ANNUAL EDITH HOUSE LECTURE TO FOCUS ON REPRODUCTIVE RIGHTS

Abstract

Monday, February 17, 2003

WRITER: Kristine Fortunato, 706/542-5172 CONTACT: Julia Fisher, 706/425-9677, fisherjj@uga.edu Heidi Murphy, 706/542-5172, hmurphy@uga.edu

ANNUAL EDITH HOUSE LECTURE TO FOCUS ON REPRODUCTIVE RIGHTS

ATHENS, Ga. - On the heels of the 30th anniversary of the Supreme Court's controversial Roe v. Wade decision, Kathy Hall-Martinez, director of the International Program of the Center for Reproductive Law and Policy (CRLP) in New York City, will deliver the 21st annual Edith House Lecture, titled "Using Legal Strategies to Promote Women's Reproductive Rights: Achievements and Challenges." The lecture will be given on Monday, March 3, 2003, at 4 p.m. in the newly renovated Classroom A at the University of Georgia School of Law. It is open to the public and admission is free.

As director of the International Program at CRLP, Hall-Martinez focuses on reproductive health and rights issues from both comparative legal and international human rights perspectives. She has worked with non-governmental organizations to ensure the United Nations committees that monitor compliance with international human rights treaties hold national governments accountable for their reproductive rights obligations. She is a frequent speaker on reproductive rights issues at conferences in North America, Latin America, Europe and Africa.

Hall-Martinez has also collaborated on numerous publications including Reproductive Rights 2000: Moving Forward, Reproductive Rights are Human Rights, and the program's signature Women of the World series.

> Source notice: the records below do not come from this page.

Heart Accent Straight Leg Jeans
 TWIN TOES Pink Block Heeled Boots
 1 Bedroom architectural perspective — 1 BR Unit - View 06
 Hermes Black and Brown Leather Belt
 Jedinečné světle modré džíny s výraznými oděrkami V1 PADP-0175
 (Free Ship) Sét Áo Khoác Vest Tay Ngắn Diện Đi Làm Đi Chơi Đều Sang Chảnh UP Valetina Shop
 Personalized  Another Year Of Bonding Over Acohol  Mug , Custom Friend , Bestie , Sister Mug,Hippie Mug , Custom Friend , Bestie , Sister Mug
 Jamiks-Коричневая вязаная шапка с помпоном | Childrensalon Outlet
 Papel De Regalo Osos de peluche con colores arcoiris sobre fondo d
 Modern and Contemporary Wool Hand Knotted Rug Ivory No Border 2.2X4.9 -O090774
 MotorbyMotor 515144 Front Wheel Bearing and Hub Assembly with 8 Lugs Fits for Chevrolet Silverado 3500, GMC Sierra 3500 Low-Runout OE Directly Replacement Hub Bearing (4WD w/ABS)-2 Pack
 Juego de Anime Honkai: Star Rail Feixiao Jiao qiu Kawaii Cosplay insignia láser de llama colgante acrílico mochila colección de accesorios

She received her Bachelor of Arts in Comparative Literature from Princeton University and her Juris Doctor from the Columbia University School of Law.

The Edith House Lecture Series, hosted annually by the Women Law Students Association (WLSA), is named for one of the first female graduates of the University of Georgia School of Law. A native of Winder, Georgia, House was co-valedictorian of the law class of 1925, the first class to graduate women. She practiced law for 38 years and became assistant U.S. attorney for the Southern District of Florida and acting U.S. attorney for the district.